Scientists say global warming is responsible for more intense and more frequent extreme weather, such as storms, droughts, floods and fires. But without extensive study, they cannot directly link a single weather event to the changing climate.
With Election Day less than a month away, the crisis was seen as a test of leadership for Scott, a Republican running for the Senate, and Tallahassee Mayor Andrew Gillum, the Democratic nominee for governor. Just as Northern politicians are judged on how they handle snowstorms, their Southern counterparts are watched closely for how they deal with hurricanes.
Hours ahead of landfall, seawater was already lapping over the docks at Massalina Bayou near downtown Panama City, and knee-deep water was rising against buildings in St. Marks, which sits on an inlet south of Tallahassee, Florida's capital.
Huge waves pounded the white sands of Panama City Beach, shooting frothy water all the way to the base of wooden stairs that lead to the beach.
More than 5,000 evacuees sought shelter in Tallahassee, which is about 25 miles from the coast but is covered by live oak and pine trees that can fall and cause power outages even in smaller storms.
Only a skeleton staff remained at Tyndall Air Force Base, situated on a peninsula just south of Panama City. The home of the 325th Fighter Wing and some 600 military families appeared squarely targeted for the worst of the storm's fury, and leaders declared HURCON 1 status, ordering out all but essential personnel.
The base's aircraft, which include F-22 Raptors, were flown hundreds of miles away as a precaution. Forecasters predicted 9 to 14 feet of water at Tyndall.
Evacuations spanned 22 counties from the Panhandle into north-central Florida.

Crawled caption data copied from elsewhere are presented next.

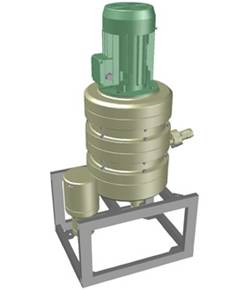 Сеператор с вертикальной осью вращения ротора. Зона сепарации гидроизолирована: момент вращения от электропривода передаётся через магнитную муфту. Среда нейтральная или щелочная - до pH 14. Объём концентрата тяжёлой или крупной фракции - до 20%. Режим работы непрерывный круглосуточный. Подача пульпы самотёком и под давлением. Число оборотов ротора - от 200 до 4000. Программируемые пуск и остановка, защита от перегрузки электродвигателя, регулировка энергопотребления по выходной мощности, - экономия электроэнергии. Предназначен для разделения органических в том числе волокнистых смесей и минеральных смесей мелкой, тонкой и пылевидной крупности.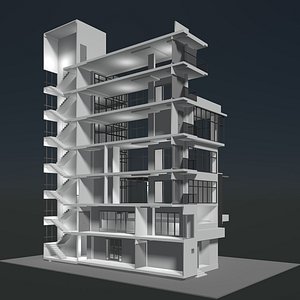 3D Office building in section cut 24ZZ40 model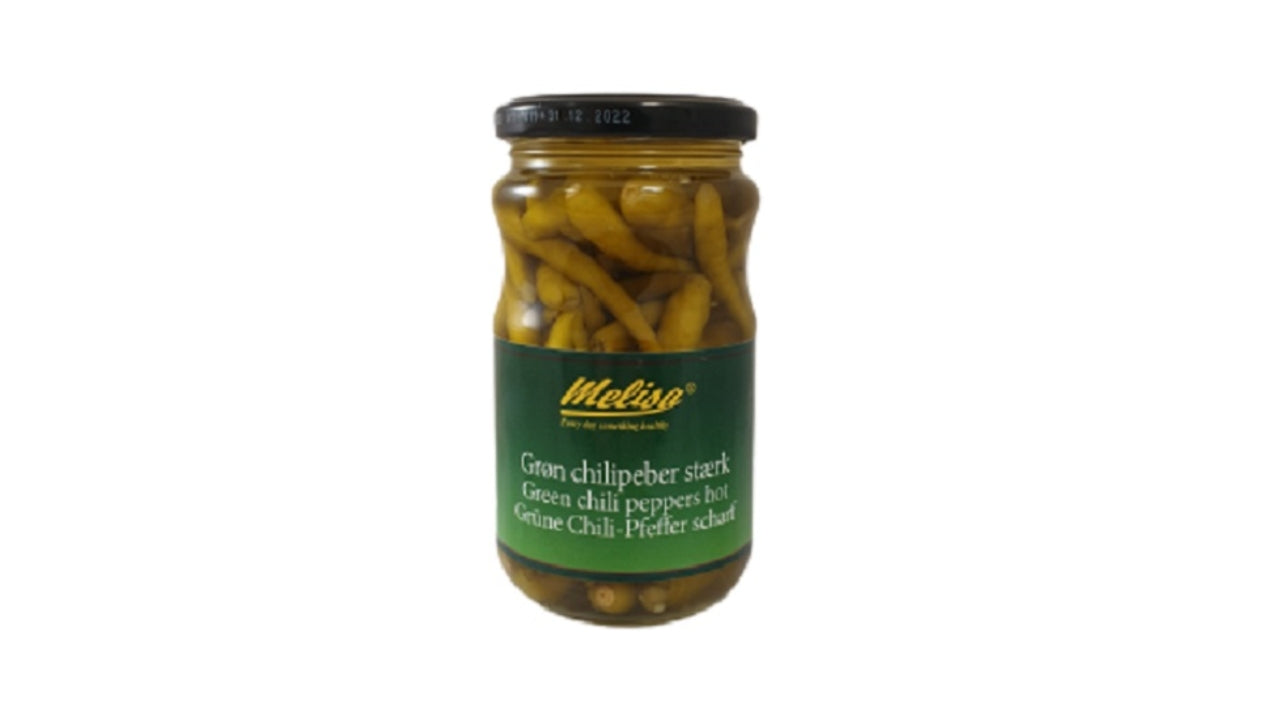 Chilipeber grøn stærk 330g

"We've told those who stayed to have their life jackets on when the storm comes," Tress Dameron, Franklin County emergency management coordinator, told The News Herald in Panama City.
In St. Marks, John Hargan and his family gathered up their pets and moved to a raised building constructed to withstand a Category 5 after water from the St. Marks River began surrounding their home.
Hargan's 11-year-old son, Jayden, carried one of the family's dogs in a laundry basket in one arm and held a skateboard in the other as he waded through calf-high water.
Hargan, a bartender at a riverfront restaurant, feared he would lose his home and his job to the storm.
"We basically just walked away from everything and said goodbye to it," he said, tears welling up. "I'm freakin' scared I'm going to lose everything I own, man."